--- Task to complete ---
After locating the line that bears "Hello and welcome", restate word for word that line and the rest of the listing to its final line, excluding all pictures.
** Information supplied follows **
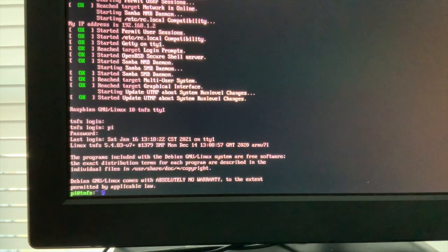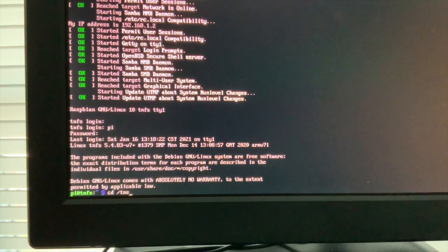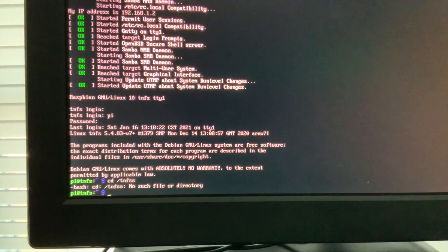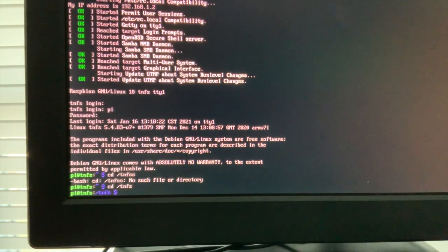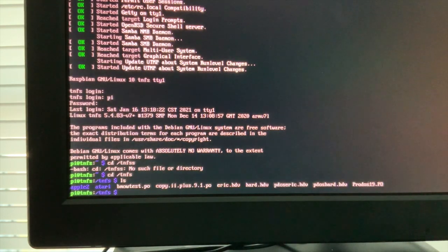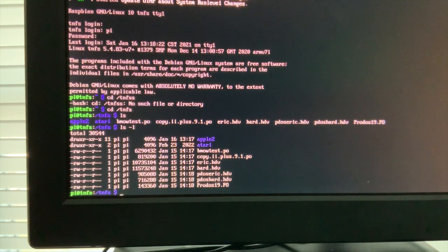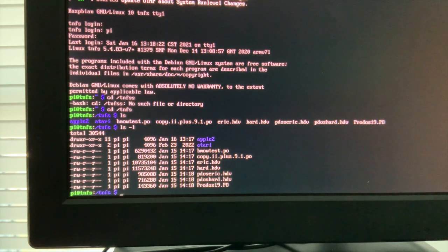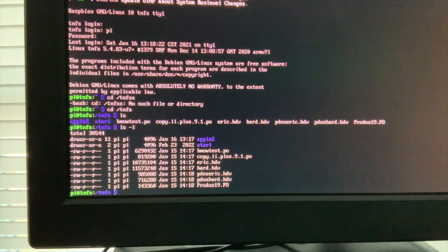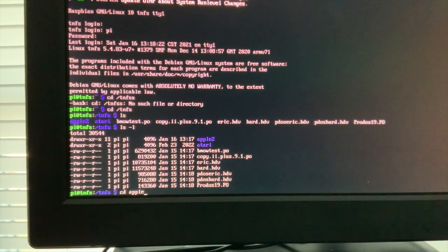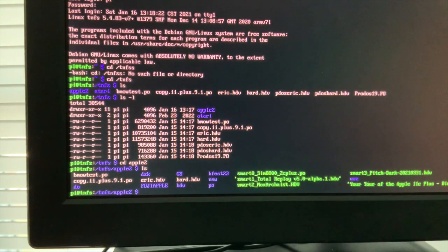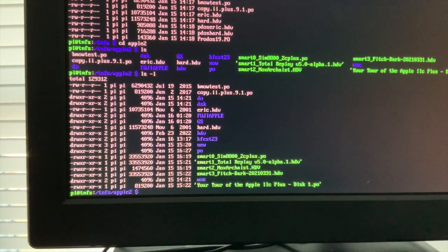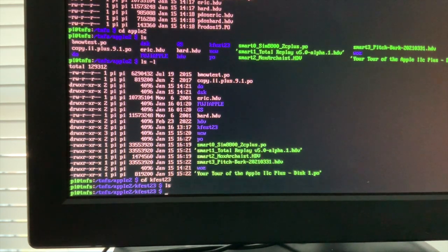Okay, now if you do a cd slash TNFS, you will see all the files and directories that are available to vintage computers on your network. So I have an Apple II and an Atari directory. Ooh, Atari. So I want to go to Apple II, and there is a KFES23 directory, and let's see what we have in there. Nothing.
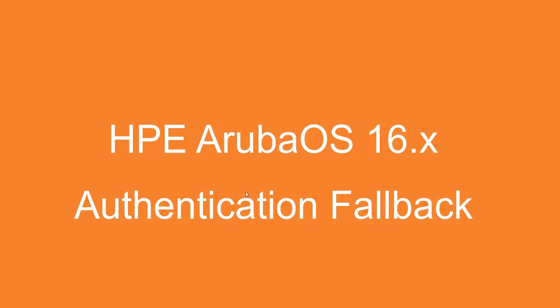Hello and welcome to this channel. My name is Dick van Oeveren and today I will be showing you a short demonstration of authentication failback on HP Aruba OS 16x switches.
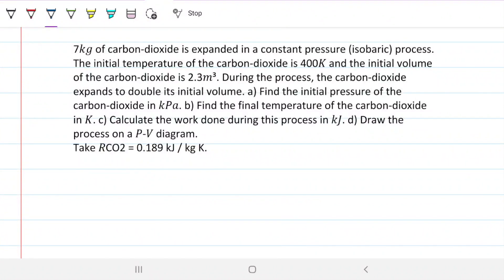Welcome back to the Engineering Hack, where we solve engineering problems in a way that's hopefully easier to understand. Today we're tackling a problem involving ideal gas and ideal gas transformation.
** End of Information supplied **
--- Result ---
Hello and welcome to this channel. My name is Dick van Oeveren and today I will be showing you a short demonstration of authentication failback on HP Aruba OS 16x switches.
Welcome back to the Engineering Hack, where we solve engineering problems in a way that's hopefully easier to understand. Today we're tackling a problem involving ideal gas and ideal gas transformation.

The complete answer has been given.